The unique part is that if Gul Dukat had stayed the one in charge, Cardassia might actually have pulled ahead. He had the skill and force of will to actually be a equal to Weyoun or the Founders. Someone that could have made sure Cardassia gained equal to what it lost. But Damar - simply was not that kind of person. Which is why he ended up starting a Rebellion. And the guy that replaced him, was so powerless I forgot his name.

  • 2
    This doesn't actually answer the question of whether anyone in the Star Wars universe thought that being in the Empire was a good thing.
    – F1Krazy
    Commented Aug 11, 2021 at 11:36
  • @F1Krazy Unless you are saying that Star Wars humans do not follow the behavior patterns we observe in the real world - it very much does. Human or Human-like alien - in Star Wars, Star Trek, or Babylon 5 - they all follow the same basic behavorial patterns. Commented Aug 11, 2021 at 11:40
  • 2
    The question is asking for actual canonical examples, though, and you haven't provided one.
    – F1Krazy
    Commented Aug 11, 2021 at 11:44
  • Your answers works if the analogy you're making was supported by something from legends or canon.
    – AncientSwordRage
    Commented Aug 11, 2021 at 14:29
  • @AncientSwordRage How about "X-Wing: The Bacta War (January 1, 1997)"? Is it similar enough? Commented Aug 12, 2021 at 16:35

In general this is something that all Star Wars media has failed (ignored) to explain.

In order for any central authoritarian government to succeed you need a base of power holding class that supports it. In the real world, usually its the oligarchy (with money and owners of means of production) which backs up such governments. In the Star Wars universe there is not a single planet, system or even senator that is getting benefits, unless its by corruption like Orn Free Taa.

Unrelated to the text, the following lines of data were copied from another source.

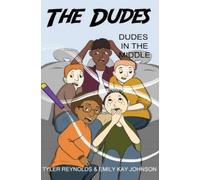Emily Kay Johnson Tyler Reynolds Dudes in the Middle (Tascabile)
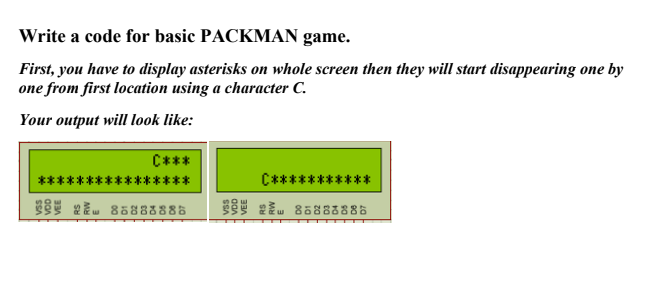 Packman Basic Write a code for basic PACKMAN game. First, you have | Chegg.com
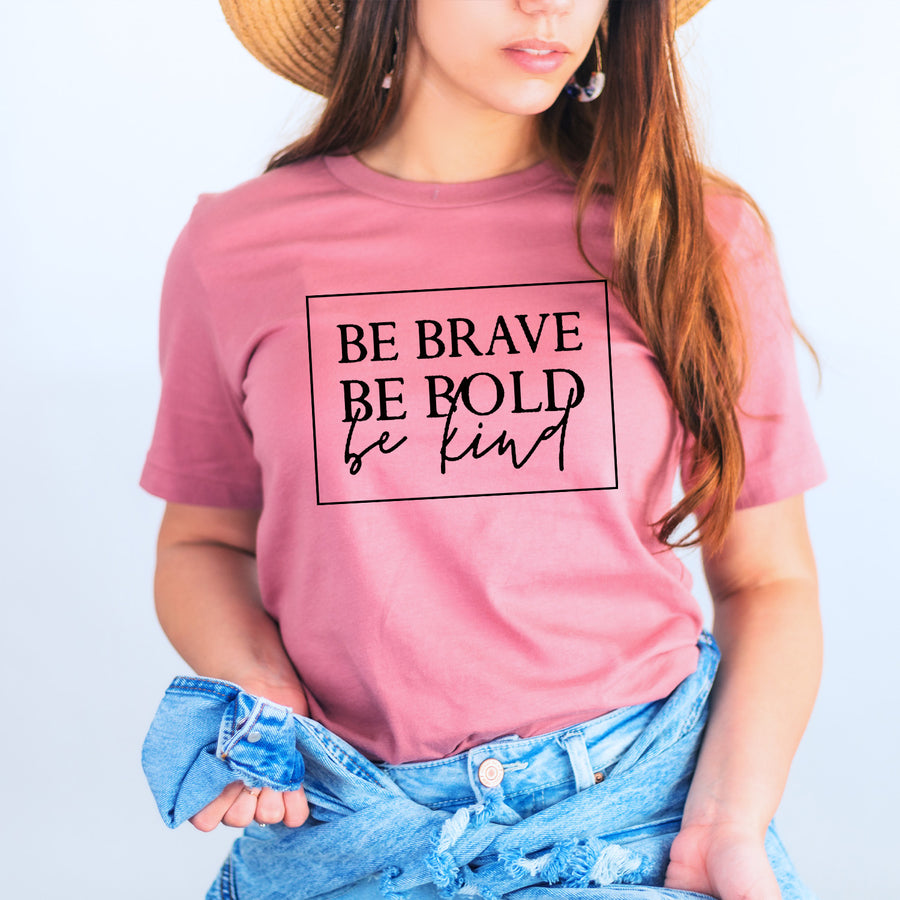 Be Bold Be Brave Be Kind Unisex T-shirt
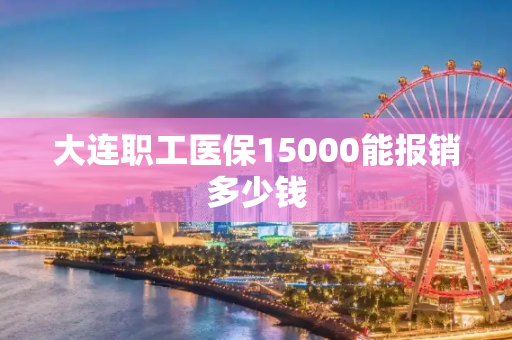 大连职工医保15000能报销多少钱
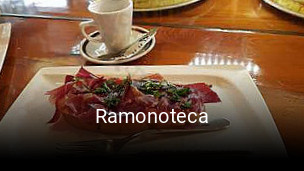 Reserve ahora una mesa en Ramonoteca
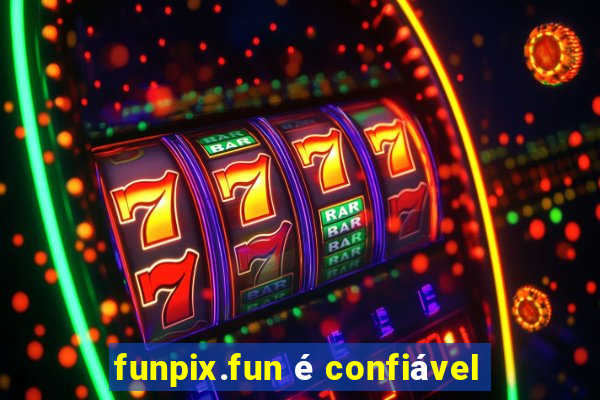 funpix.fun é confiável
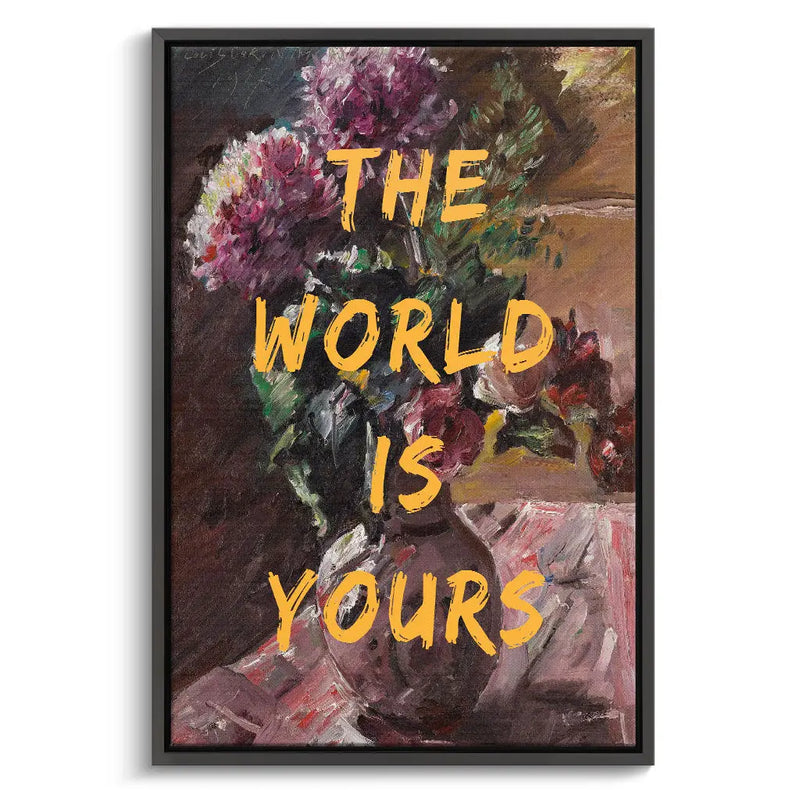 "THE WORLD IS YOURS"
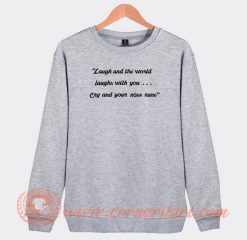 Laugh-And-The-World-Laughs-With-You-Sweatshirt-On-Sale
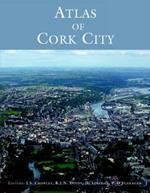 Atlas of Cork City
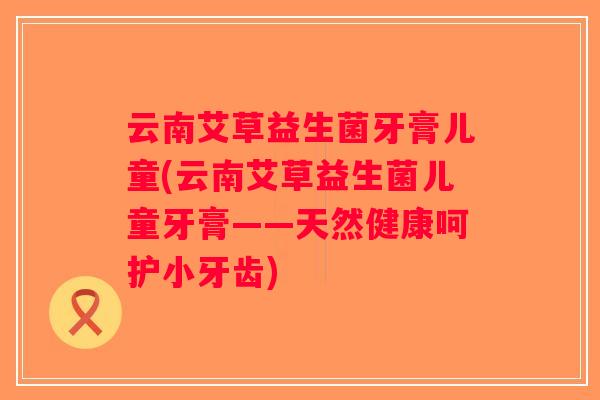 云南艾草益生菌牙膏儿童(云南艾草益生菌儿童牙膏——天然健康呵护小牙齿)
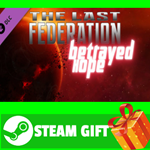 **ВСЕ СТРАНЫ** The Last Federation - Betrayed Hope STEA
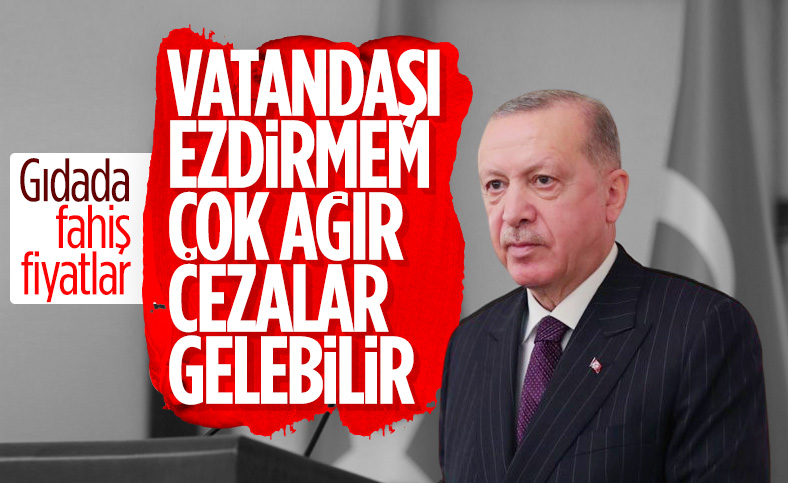 Cumhurbaşkanı Erdoğan: Gıda fiyat artışını kontrollü yürüteceğiz
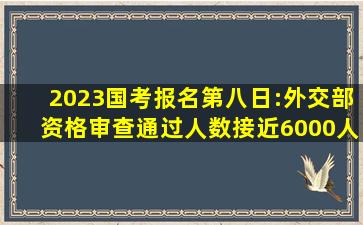 2023国考报名第八日:外交部资格审查通过人数接近6000人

So we are yet to see the planets and systems that are pro-empire and that make Palpatine's ascension to power possible. Which would make sense is that rich planets are the ones backing up Palpatine and thus, helping him form this new Empire, imposing set of rules that would benefit them the most.

  • 2
    I would say it has been explained rather clearly. During the first fifteen years or so after the establishment of the New Order, the pro-Empire planets were largely the same as the pro-Republic planets ("This is how democracy dies—with thunderous applause.") The transition from a strong Chancellor with emergency powers to an Emperor was easy enough. After that, Palpatine starting showing his true colors more obviously: not too coincidentally, this coincided with the Rebellion gaining support as former collaborators like Mon Mothma, as well as outright opponents, went over to their side.
    – Adamant
    Commented Aug 10, 2021 at 20:01
  • 1
    Also, one must also take into account that Palpatine ruled in part by literal mind control ("Hundreds of Senators are now under the sway of a Sith Lord called Darth Sidious"), and literally knowing what his opponents were doing ("Everything is proceeding as I have foreseen"), which compensates for a great deal of flaws in one's theory of governance.
    – Adamant
    Commented Aug 10, 2021 at 20:06
  • @Adamant I don't think that quote was meant to mean 'literal mind control', rather pointing out how much of the Senate was already loyal to him. Commented Aug 11, 2021 at 1:05
  • @Adamant by explanation I mean more than just words, we need actual story that shows this. What were those planets? Why? What they got in return? Why were they unhappy with a republic that prompted them to switch to an Empire? That is explaining.
    – Jalex23
    Commented Aug 11, 2021 at 20:34
  • @Jalex23 - The loose grip of the Republic had seemingly allowed many of the outer systems to break away (the Separatists). Palpatine's ever-increasing power had made him an emperor in all but name by the time of the Declaration of a New Order, and most people approved of this because they believed it was necessary to suppress the rebellion, not to mention that he was immensely popular. So it was not really a change for him to become Emperor. Then the "Jedi attempt on his life" seemingly proved that without stronger leadership, there would be instability even in the heart of the Republic.